Children grow up fast. Last month I bought already the 3rd bike for both my children. Funny I never bought a new bike for myself. Today I use the city-bike of my late mother and before I biked 20 years on the dismissed one of my dad. Despite lacking luxury I always liked to bike a lot. From the moment it becomes warmer, I bike every day to my work which is there and back nevertheless more than an hour/ 22 km biking.
20 years younger I even used such city-bike to do quite some distances. I remember that I more than once biked from Roeselare to Bruges and back which is nonetheless 70km. In Bruges I visited the chessclub still located in the center (Beenhouwerstraat ?). It was the first time that I met a still very young Steven Geirnaert following lessons given by Walter Kardinaal. Next I also almost always visited the problemist Sylvain Kellner at that time still living in the center of Bruges. I composed some problems myself (see e.g chesscompositions) and he always had something interesting to share.
I wrote for many years every month to Sylvain via the ladder match in the column for problemists published at the clubmagazine of Bruges. Unfortunately I lost contact with him. First he moved out of Bruges to the nearby village Assebroek but we stopped corresponding after the board of the club of Bruges decided to forbid non-club members to take a subscription at their club-magazine. In the meanwhile I already was playing for Deurne so some people found it inappropriate that a competitor for their first team could read their club-magazine. Briefly this was a kind of password avant la lettre (see this blogarticle).
I don't know if Sylvain is still alive as I guess he must be otherwise already above 90 years old (somebody knows something more?) but I remember the most his impressive collections of peculiar problems. He called it his rariteitenkabinet (collection of curiosities). I suspect some of the problems published on this blog like Excelsior can be found in his collection too.
Today I play almost exclusively standard chess but I never lost my interest for curiosities. Last I encountered a very strange theme self-forks in one of my games. My opponent Frederic Decoster (playing coincidentally for Bruges) produced a fantastic idea in our game played at Leuven attracting a number of kibitzers around our board.
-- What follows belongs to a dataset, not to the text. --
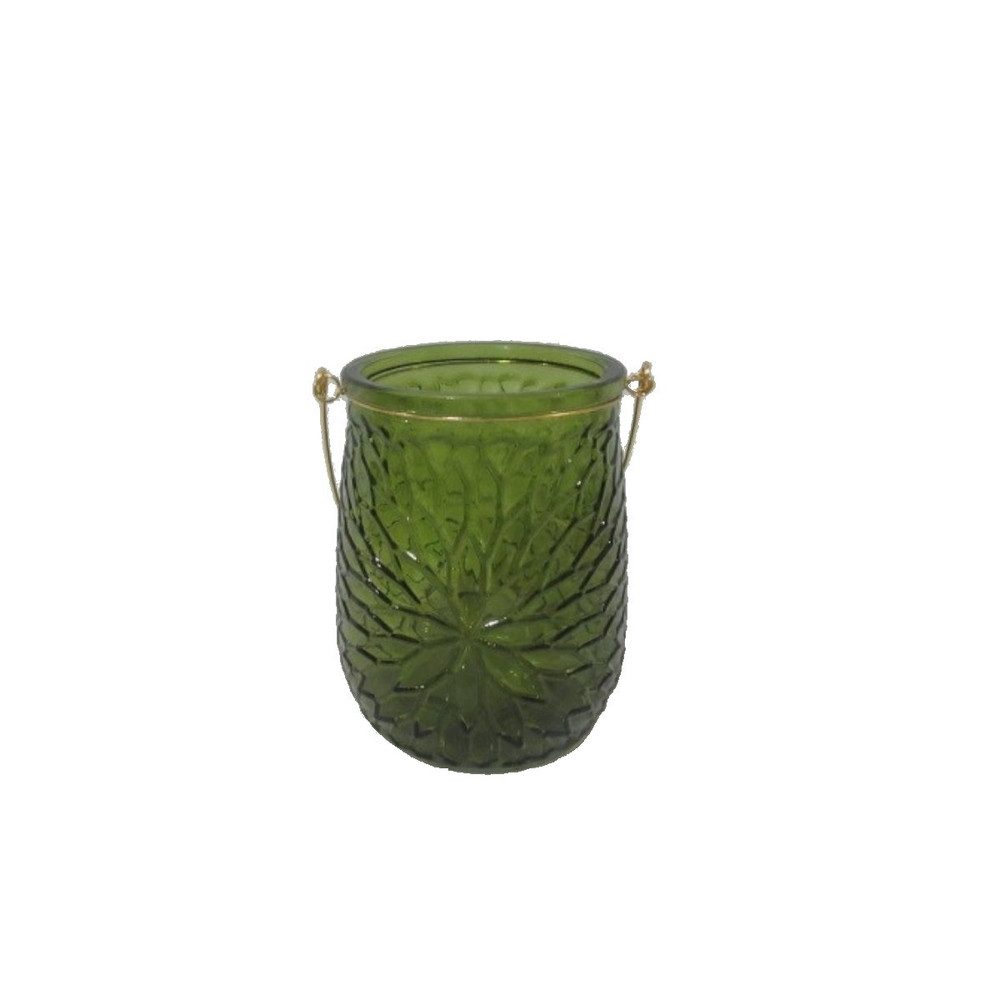 Dekolicht Teelichtglas - Blumen - ca. 11 x 14,5 cm
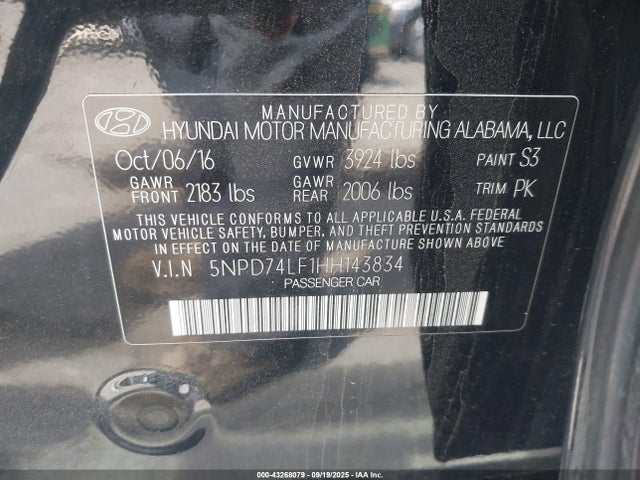 5NPD74LF1HH143834 Hyundai 2017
After the game I looked for similar examples from standard practice. I learned there exists different types of self-forks. Frederics is one in which you provoke the fork but it also possible that you put the pieces yourself in a fork. Some readers will for sure recognize the high-level game below played a few years ago.
Less known but definitely as cute is the game played at pokerstars isle of man international chesstournament 2015. Here there was no preparation/ opening-knowledge at all involved.
A wonderful collection of all kind of self-forks from standard games can be found on the site I fork myself, or let the the fork happen.
All examples in this article are about a pawn giving a useless fork. Now I wonder if this is also possible with other pieces. Likely except knights we have to call it rather double attacks instead of forks.